Résumé de la décision
M. B..., ancien conseiller en informatique, conteste un arrêt rendu le 5 octobre 2012 par la cour administrative d'appel de Paris, qui avait annulé un jugement du tribunal administratif de Paris et rejeté sa demande de décharge des cotisations supplémentaires d'impôt sur le revenu et des pénalités pour l'année 2002. M. B... avait omis de déclarer ses revenus et avait été soumis à une évaluation d'office. Le Conseil d'État rejette le pourvoi de M. B..., confirmant l'arrêt de la cour d'appel, estimant que le contribuable n'avait pas apporté la preuve de l'exagération des redressements fiscaux qui lui étaient contestés.
Arguments pertinents
1. Notification de redressement : La cour administrative d'appel a jugé que la notification de redressement envoyée à M. B... était suffisamment motivée pour respecter les exigences de l'article L. 76 du livre des procédures fiscales. Le Conseil d'État a confirmé que "la notification était suffi-samment motivée", sans violation des droits du contribuable.
2. Charge de la preuve : Le Conseil d'État a rappelé que, selon l'article L. 193 du livre des procédures fiscales, la charge de la preuve incombe au contribuable qui conteste une imposition d'office. M. B... a simplement affirmé que ses revenus étaient inférieurs aux montants évalués par l'administration sans fournir de justifications. Par conséquent, le Conseil d'État estime que "la cour n'a pas dénaturé les pièces du dossier" en considérant que le contribuable n'avait pas prouvé l'exagération des redressements.
3. Argument nouveau : Le moyen avancé par M. B... concernant la méthode de reconstitution des recettes de l'administration a été considéré comme inopérant car il était nouveau en cassation. Cela signifie que ce point n’avait pas été soulevé au stade des juges du fond, ce qui interdirait son examen par le Conseil d'État.
Interprétations et citations légales
1. Article L. 76 du livre des procédures fiscales : Ce texte impose à l'administration fiscale de notifier les bases de calcul d'imposition au contribuable au moins 30 jours avant la mise en recouvrement. Le Conseil d'État a soutenu que "la notification adressée à M. B...était suffisamment motivée", permettant ainsi de conclure à la validité de la procédure d'imposition.
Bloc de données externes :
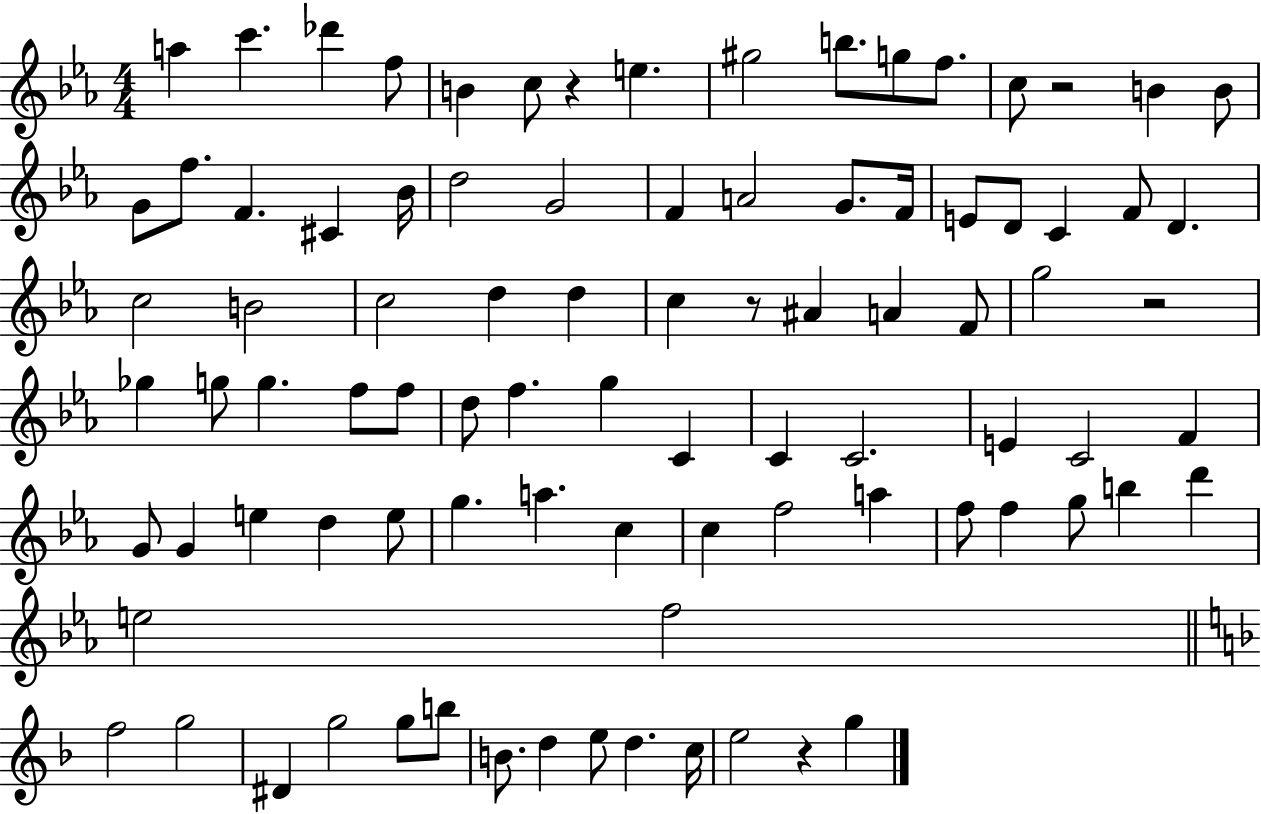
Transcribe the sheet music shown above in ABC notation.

X:1
T:Untitled
M:4/4
L:1/4
K:Eb
a c' _d' f/2 B c/2 z e ^g2 b/2 g/2 f/2 c/2 z2 B B/2 G/2 f/2 F ^C _B/4 d2 G2 F A2 G/2 F/4 E/2 D/2 C F/2 D c2 B2 c2 d d c z/2 ^A A F/2 g2 z2 _g g/2 g f/2 f/2 d/2 f g C C C2 E C2 F G/2 G e d e/2 g a c c f2 a f/2 f g/2 b d' e2 f2 f2 g2 ^D g2 g/2 b/2 B/2 d e/2 d c/4 e2 z g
2. Article L. 193 du livre des procédures fiscales : Cet article établit que "dans tous les cas où une imposition a été établie d'office, la charge de la preuve incombe au contribuable qui demande la décharge ou la réduction de l'imposition". Le Conseil d'État en déduit que M. B... n'a pas démontré d'éléments contredisant l'évaluation faite par l'administration fiscale et n'a donc pas respecté son fardeau de preuve.
3. Critique de la méthode de reconstitution : Le Conseil a noté que l’argument selon lequel la méthode de reconstitution des recettes était "excessivement sommaire" constituaient un moyen nouveau en cassation, rendant son examen inopérant. Cela met en lumière l'importance du respect des procédures dans la contestation d'une imposition fiscale.
En conclusion, le Conseil d'État rappelle que le contribuable a une responsabilité importante dans la démonstration de ses allégations lorsqu'une imposition est établie d'office, et que la viabilité des arguments avancés doit être vérifiée dans le cadre des procédures appropriées.